Melbourne: By England’s own admission they played “boring” cricket but that was responsible for producing their best performance of the series.

A slow drop-in pitch at the MCG and pleasant temperatures in Melbourne combined to provide almost a taste of home for England’s seam attack who reproduced last summer’s strangling of Australian batsmen keen to attack.

The rock hard bouncy deck of the Gabba and the furnace temperatures of the Waca were forgotten as English seamers, led by James Anderson and Stuart Broad, co-ordinated the team’s response to the crisis of the past 10 days, which have seen the Ashes surrendered and Graeme Swann abruptly retire.

“Days like that have been few and far between on this trip and we are just really hungry to get something out of this tour,” said Anderson. “We showed that today. We fielded very well today. I thought we dived around a lot, chased everything and I thought Cooky set good fields. We bowled to those fields and it was a complete performance by us.

“There was not much out there for us. A bit of reverse at some point but not much seam movement. We had to work really hard, stay patient, work with the guy at the other end. We were trying to bowl maidens, dots and as boring as it sounds it was the way to go on that pitch and it worked well for us.”
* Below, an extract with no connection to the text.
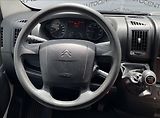Citroën Jumper 2,2 HDi,96kW,L2H1,STK 6/28 - náhled 14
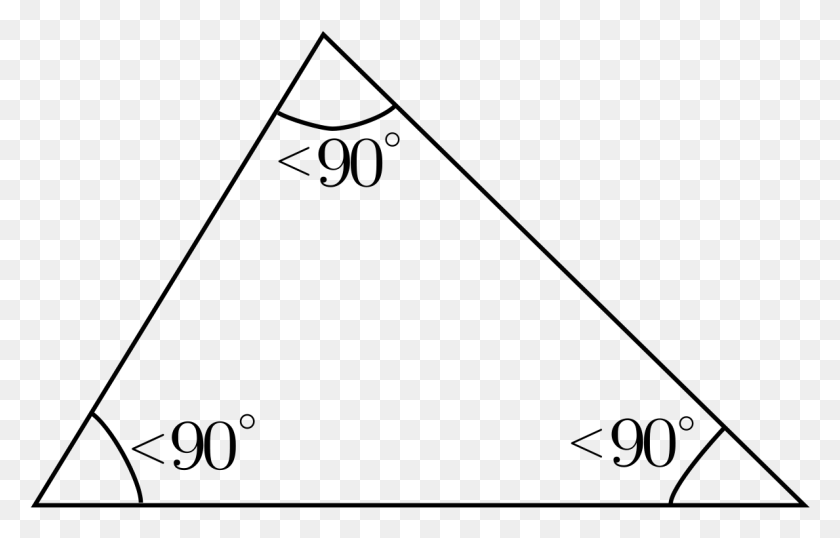 1189x729 Острый Треугольник, Серый, Мир Варкрафта Png Скачать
Blood flowed from the face of Chris Rogers when he was struck by a bouncer from Stuart Broad, although the blow appeared to stir the opener into a fightback as he made the highest score of the innings. “We got bogged down and we looked for releases and they forced us into mistakes,” said Rogers. “It was a combination of that and England bowling well.”

“I’ve felt ok throughout the series but the frustrating thing is not getting the ball swinging as much as we thought and there has not been as much seam movement as last time we were here,” said Anderson.

For Anderson life has changed over the past week with the departure of Swann, his close friend. “Just because Graeme has gone I do have other friends in the team,” he said. “He was a big character but there are other characters in our side. As harsh as it sounds, because he is a good friend, you have to move on and we want to get something out of this Test, and the next one, so we have got to concentrate on the future now.”

Anderson was diplomatic when asked about Kevin Pietersen’s dismissal. Having batted for four hours the previous day with discipline, he came out slogging in the morning even though three valuable first-innings wickets were left. “I am not sure, you will have to ask Kev about that,” he said.